When k is one the integral is a logarithm otherwise the power rule for integration gives the answer..

Now we move on to the quadratic factors. Quadratic factors in the denominator can be turned into the following form by completing the square.

$\cfrac{Ax+B}{(x-a)^{2} +b^{2} }$

Integration of a quadratic term is done in terms of arctangent and a logarithm.
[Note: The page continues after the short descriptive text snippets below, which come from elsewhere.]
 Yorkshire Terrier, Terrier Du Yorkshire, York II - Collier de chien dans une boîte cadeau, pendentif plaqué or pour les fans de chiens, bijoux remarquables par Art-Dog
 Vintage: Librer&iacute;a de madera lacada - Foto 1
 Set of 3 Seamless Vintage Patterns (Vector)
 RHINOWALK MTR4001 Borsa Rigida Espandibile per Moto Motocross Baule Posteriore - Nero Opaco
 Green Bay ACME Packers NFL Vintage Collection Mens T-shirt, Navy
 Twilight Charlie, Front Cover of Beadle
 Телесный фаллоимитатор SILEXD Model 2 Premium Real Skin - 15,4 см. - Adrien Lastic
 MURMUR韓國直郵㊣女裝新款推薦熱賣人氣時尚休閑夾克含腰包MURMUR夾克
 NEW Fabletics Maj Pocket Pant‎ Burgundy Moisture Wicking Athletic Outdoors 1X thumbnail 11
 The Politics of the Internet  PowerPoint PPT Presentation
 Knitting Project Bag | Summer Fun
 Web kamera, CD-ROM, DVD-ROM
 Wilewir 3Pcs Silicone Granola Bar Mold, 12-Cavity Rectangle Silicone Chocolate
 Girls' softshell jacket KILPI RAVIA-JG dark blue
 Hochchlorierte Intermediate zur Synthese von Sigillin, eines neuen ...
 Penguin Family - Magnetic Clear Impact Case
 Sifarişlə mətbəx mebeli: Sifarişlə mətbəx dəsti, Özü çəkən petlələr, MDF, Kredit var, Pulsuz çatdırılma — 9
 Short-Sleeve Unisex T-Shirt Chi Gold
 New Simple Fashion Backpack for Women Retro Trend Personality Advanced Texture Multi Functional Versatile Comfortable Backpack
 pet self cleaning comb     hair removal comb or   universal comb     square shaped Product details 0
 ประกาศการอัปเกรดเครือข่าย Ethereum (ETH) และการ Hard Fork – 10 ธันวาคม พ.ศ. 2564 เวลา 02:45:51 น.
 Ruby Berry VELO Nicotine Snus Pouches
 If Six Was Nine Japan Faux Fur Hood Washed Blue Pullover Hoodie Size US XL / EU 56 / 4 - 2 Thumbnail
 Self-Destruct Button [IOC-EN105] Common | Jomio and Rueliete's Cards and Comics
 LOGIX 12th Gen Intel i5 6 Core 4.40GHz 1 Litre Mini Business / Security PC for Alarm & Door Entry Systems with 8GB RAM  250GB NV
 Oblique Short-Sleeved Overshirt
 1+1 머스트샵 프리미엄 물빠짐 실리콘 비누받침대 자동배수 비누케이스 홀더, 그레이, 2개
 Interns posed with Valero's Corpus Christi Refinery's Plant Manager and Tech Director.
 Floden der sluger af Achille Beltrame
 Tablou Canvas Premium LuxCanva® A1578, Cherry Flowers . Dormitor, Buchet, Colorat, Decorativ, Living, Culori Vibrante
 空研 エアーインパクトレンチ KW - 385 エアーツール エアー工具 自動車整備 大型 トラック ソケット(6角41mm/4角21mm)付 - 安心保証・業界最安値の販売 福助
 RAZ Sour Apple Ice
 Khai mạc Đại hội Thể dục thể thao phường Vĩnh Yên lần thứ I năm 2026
$\int \cfrac{Ax+B}{(x-a)^{2} +b^{2} } dx } = {\displaystyle \int \cfrac{A(x-a)+B+aA}{(x-a)^{2} +b^{2} } dx$

$\displaystyle \int \cfrac{Au}{u^2+b}=\cfrac{A}{2}\ln\left|(x-a)^2+b\right|+C$

$\displaystyle \int \cfrac{B+aA}{u^2+b^2}=(B+aA)\cfrac{\text{arctan}\,\,((x-a)/b)}{b}+C$

For quadratic factors in the denominator to powers higher than one, trigonometric substitutions are useful to evaluate the second part of the integral

$\int \cfrac{Ax+B}{((x-a)^{2} +b^{2} )^{k} } dx } = {\displaystyle \int \cfrac{A(x-a)+B+aA}{((x-a)^{2} +b^{2} )^{k} } dx=I_{1} +I_{2}$

$I_1=\displaystyle \int \cfrac{A(x-a)dx}{((x-a)^2+b^2)^{k}}=\cfrac{A/2}{1-k}((x-a)^2+b^2)^{1-k}+C$

${I_{2} }={\displaystyle \int \cfrac{(B+aA)dx}{((x-a)^{2} +b^{2} )^{k} } =}$

$u={x-a \quad\ du=dx\quad } \\ u = {b\text{tan}\,\, \theta \quad du=b\text{sec}\,\, ^{2} \theta d\theta } \\ I_2=\displaystyle \int \cfrac{(B+aA)}{(u^2+b^2)^k}du=\displaystyle \int \cfrac{(B+aA)\text{cos}\,\,^{2k-2} \theta}{b^{2k}}d\theta$

Trigonometric integrals such as this can be done for k > 2 but usually the partial fractions examples are not this nasty. Review the section on trigonometric integrals section.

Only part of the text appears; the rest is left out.